High performance polypyrrole/SWCNTs composite film as a promising organic thermoelectric material

Conducting polymer thermoelectric (TE) materials have received great attention due to their unique properties. In this work, polypyrrole (PPy)/single-walled carbon nanotubes (SWCNTs) composite films with improved TE performance have been prepared by chemical interfacial polymerization at the cyclohexane/water interface under a controlled temperature. Attributed to the smooth surface, higher conjugation length and more ordered molecular structure of the interfacial polymerized PPy film, the electrical conductivity can be as high as ∼500 S cm −1 . To further enhance the TE properties of PPy, SWCNT was added to construct a PPy/SWCNTs composite. Due to the synergistic effect between the two phases and the energy filtering effect at the interfaces between PPy and SWCNTs, the Seebeck coefficient of the composite enhanced significantly with the increase SWCNTs content.

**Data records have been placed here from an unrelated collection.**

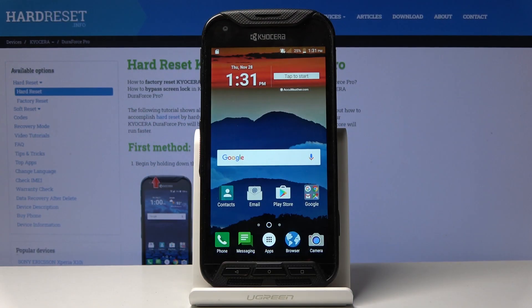Welcome, everyone. This is a Kyocera DuraForce Pro and today I will show you how to enable the developer options on the device.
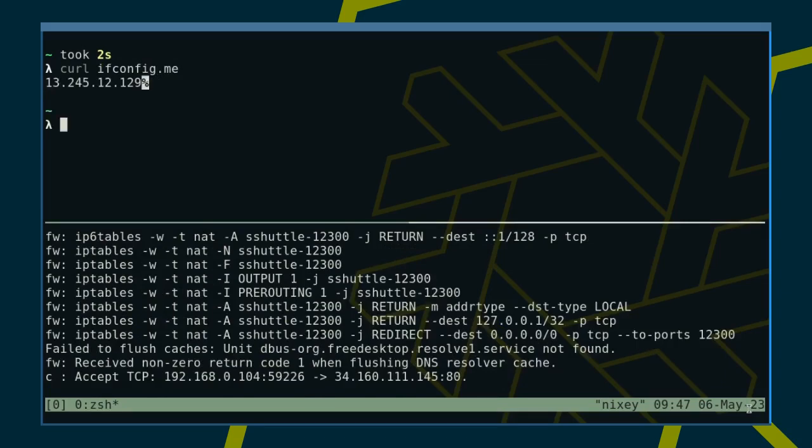For sShuttle to work, you need root access on your local machine, but not on the remote machine, which is great. You also require Python to be installed on both sides. If you can meet those requirements, sShuttle is a fantastic alternative to port forwarding.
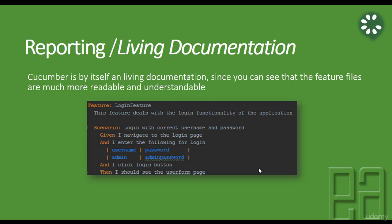But we need to have a living documentation or reporting kind of stuff for every test execution. Once the test is done, you need to have a report that this feature file has executed and this has passed. And let's say if you have 100 feature files and if you want to tell users that there are 100 feature files and 90 feature files has got passed and 10 has got failed because of these reasons.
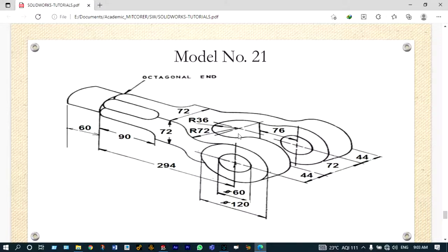We can use different planes to model this object. It will be easier if we select the top plane. Initially we're planning to draw the semi-circular part on the top end, then proceed to the left hand side, and finally model the right hand side part on the front plane.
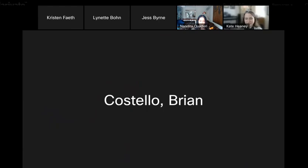Thank you to our attendees for joining us for Journal Citation Reports 2023, Clarivate Advances Research. We encourage you to take a few minutes to complete our brief survey, which will automatically appear as you exit the webinar. We'd love to hear your feedback on today's program. If you're interested in subscribing to Journal Citation Reports, please ask in the survey to be contacted by our team. With that, we wish everyone a good day. Goodbye.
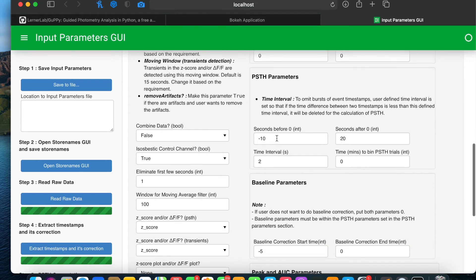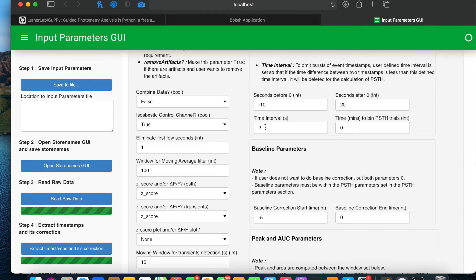For PSTH parameters, the PSTH is made such that the event occurs at 0 seconds, with the trial taken from minus 10 seconds before 0 to 20 seconds after 0. To omit bursts of event timestamps, users can define a time interval so that if the time difference between two timestamps is less than this defined interval, only the first timestamp is considered. For example, if two timestamps occur within less than two seconds of each other, the first is used in the analysis and the second is omitted.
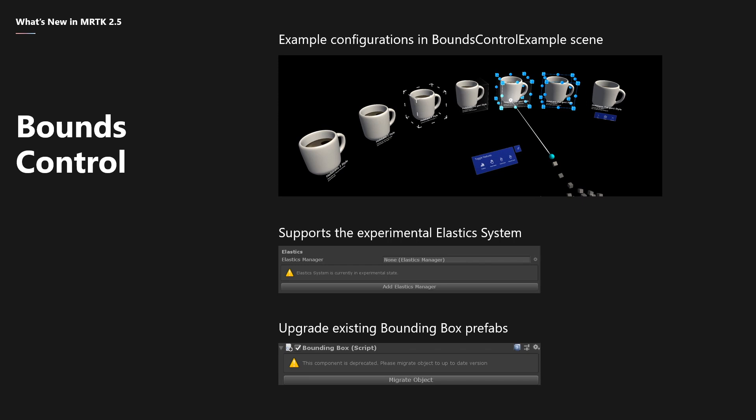Every property and scriptable property is runtime configurable. The bounds control rig isn't recreated on property changes anymore. There is support for translation handles, full constraint support through the constraint manager, and support for the elastic system manager. The old bounding box is now deprecated and existing game objects using bounding box can be upgraded using the migration tool or through the bounding box inspector.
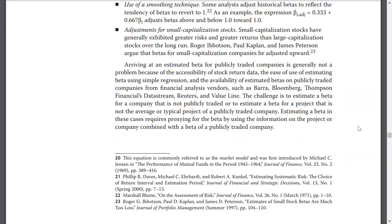Arriving at the estimated beta for a publicly traded company is generally not a problem because of the accessibility of stock return data, the ease of estimating beta using simple regression, and the availability of estimated betas from financial data vendors such as Barra, Bloomberg, Thomson Financial, Datastream, Reuters, and Value Line. The challenge is to estimate the beta for a company that is not publicly traded, or the beta for a project that is not typical of publicly traded companies. Estimating a beta in these cases requires proxying for beta by using information on the project or companies combined with the beta.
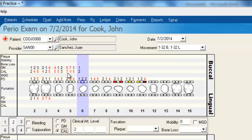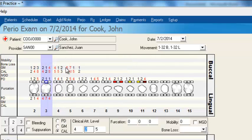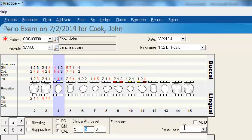If you're not using all these measurements, you can declutter your screen. If I right-click in here, it shows all the different things you can record. Maybe I don't want to record plaque level — right-click again — maybe I don't want mobility either. By deselecting these items, you can see they disappear from the screen.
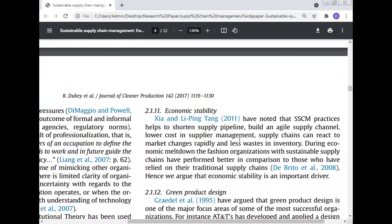Economic stability is one of the most important drivers of sustainable supply chain management. Sustainable supply chain management practices help to shorten the supply chain pipeline, build an agile supply chain channel, lower costs in supplier management, and allow supply chains to react to market changes rapidly with less waste in inventory. During economic meltdown, organizations with sustainable supply chains performed better compared to those relying on traditional supply chains. Hence, economic stability is an important factor of sustainable supply chain management.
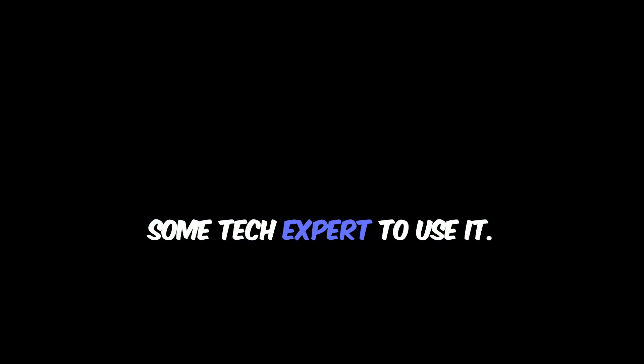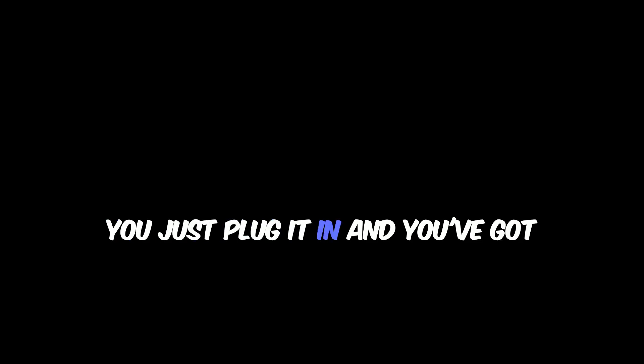Click on the button below to see how you too can enjoy these benefits. And you don't have to be some tech expert to use it. You just plug it in, and you've got hours of dependable backup power.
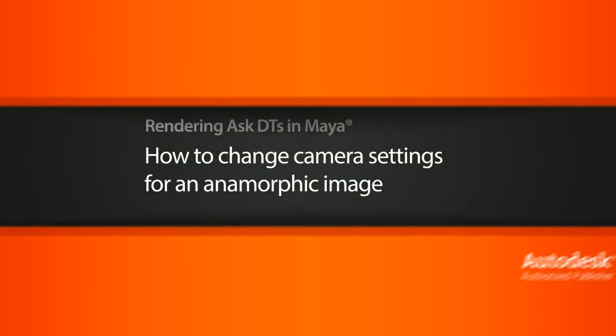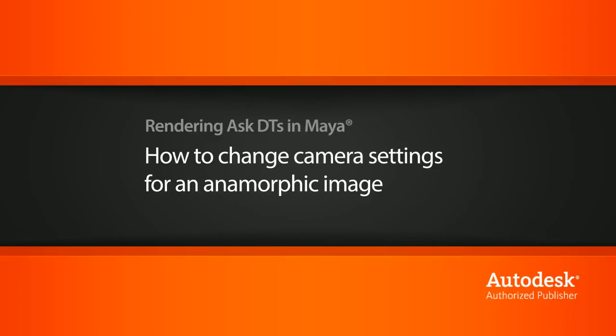Hi, my name is Dan and I'm one of the DT evangelists here at Digital Tutors. In this video, we're going to look at a question from one of our users, editor 11, on how we can change our camera settings for an anamorphic image.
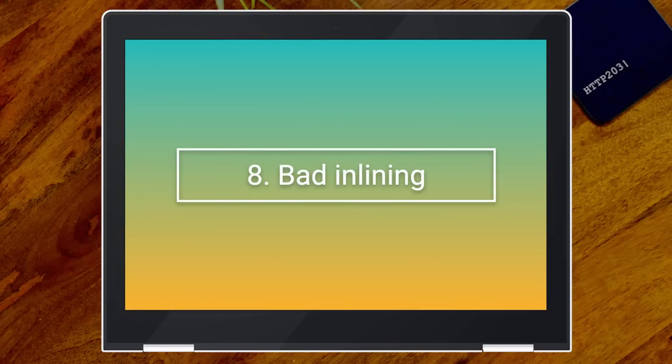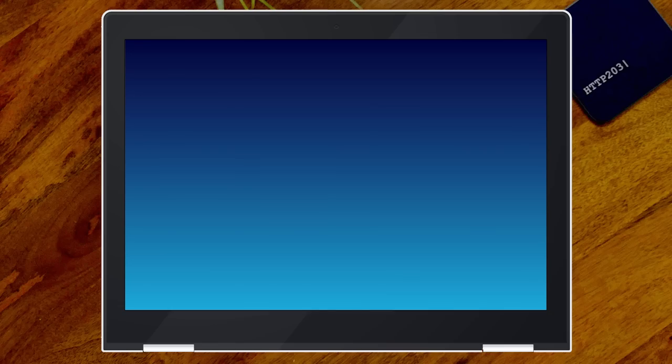Number eight is bad inlining. Inlining is when we bundle one asset inside another. We tend to use inlining to refer to one format inside another format, and it's often great for micro-optimizations. But when it goes wrong, it goes wrong badly. So here are the ways I've seen inlining go wrong.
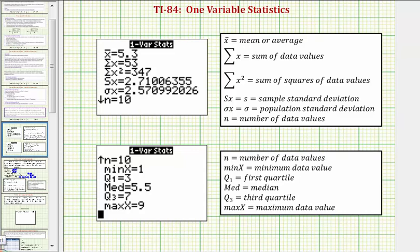Welcome to an example on how to use the one variable statistics tool on the TI-84 graphing calculator. In this video we'll look at an example where we also have a frequency table.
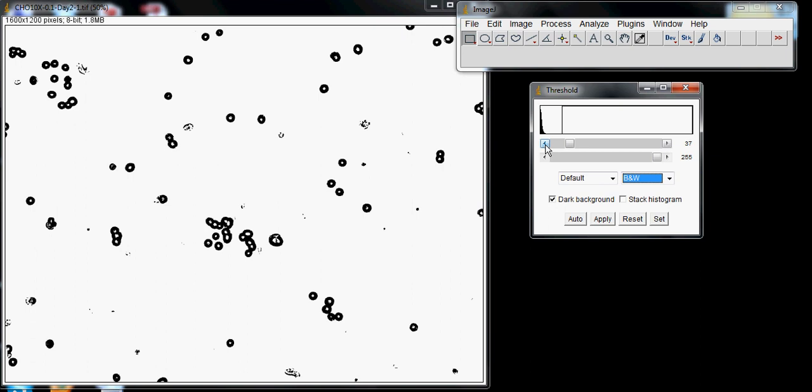because you don't want your actual data to disappear as well. This looks close enough, so we'll choose Apply.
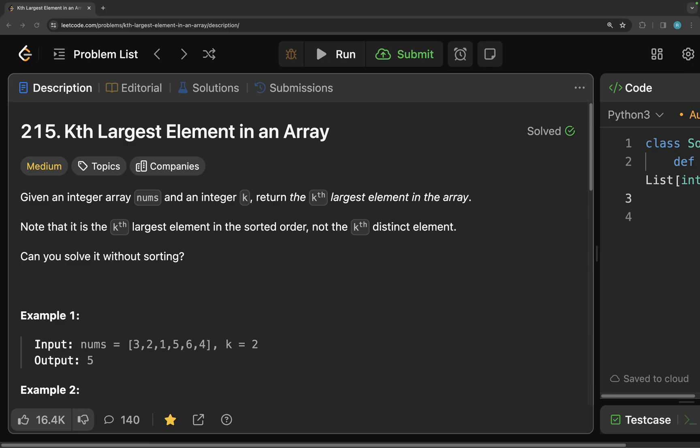Hello everyone, welcome to pseudocoder. This is Raveena and today we are going to look at problem number 215, which is kth largest element in an array. Now let's start by reading the problem statement.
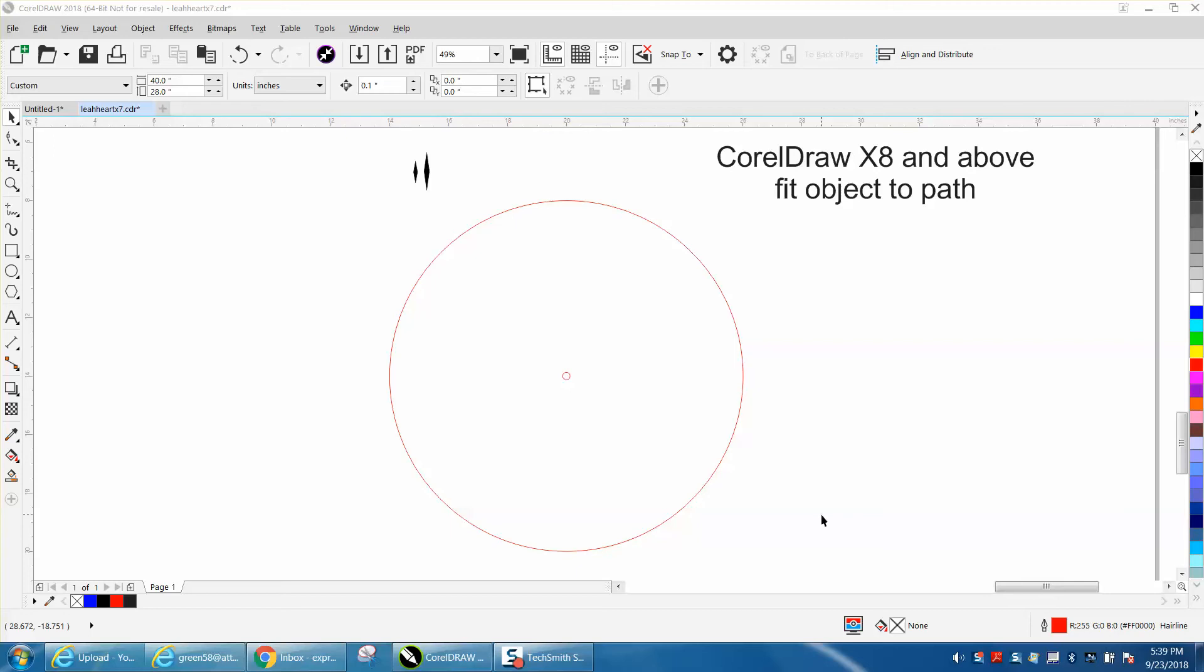Hi, it's me again with CorelDraw Tips and Tricks. This video is really only good for people that have X8 and above. I'm using 2018 right now. Fit object to path—the very first video I made on CorelDraw almost four years ago was to make a clock base.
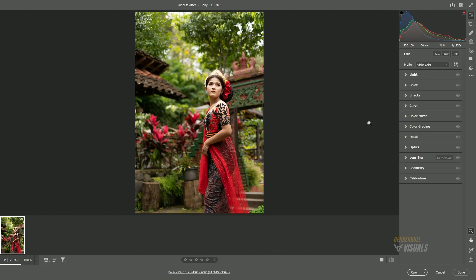Color presets are available in two formats: XMP file format and a ZIP format containing an XMP file. There are two ways to load and save these presets in Camera Raw. Today, we will explore both methods.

The composite shows an optimal power factor of 37.6 ± 2.3 μW mK −2 when the content of SWCNTs is 0.8 mg. This value is one of the largest values among the reported PPy based composites fabricated by the chemical polymerization method. The results indicate that interfacial polymerization under a controlled temperature is a promising way to improve the TE performance of conducting polymer based composite materials. PPy/SWCNTs composite films with high thermoelectric performance were prepared by chemical interfacial polymerization under a controlled low temperature.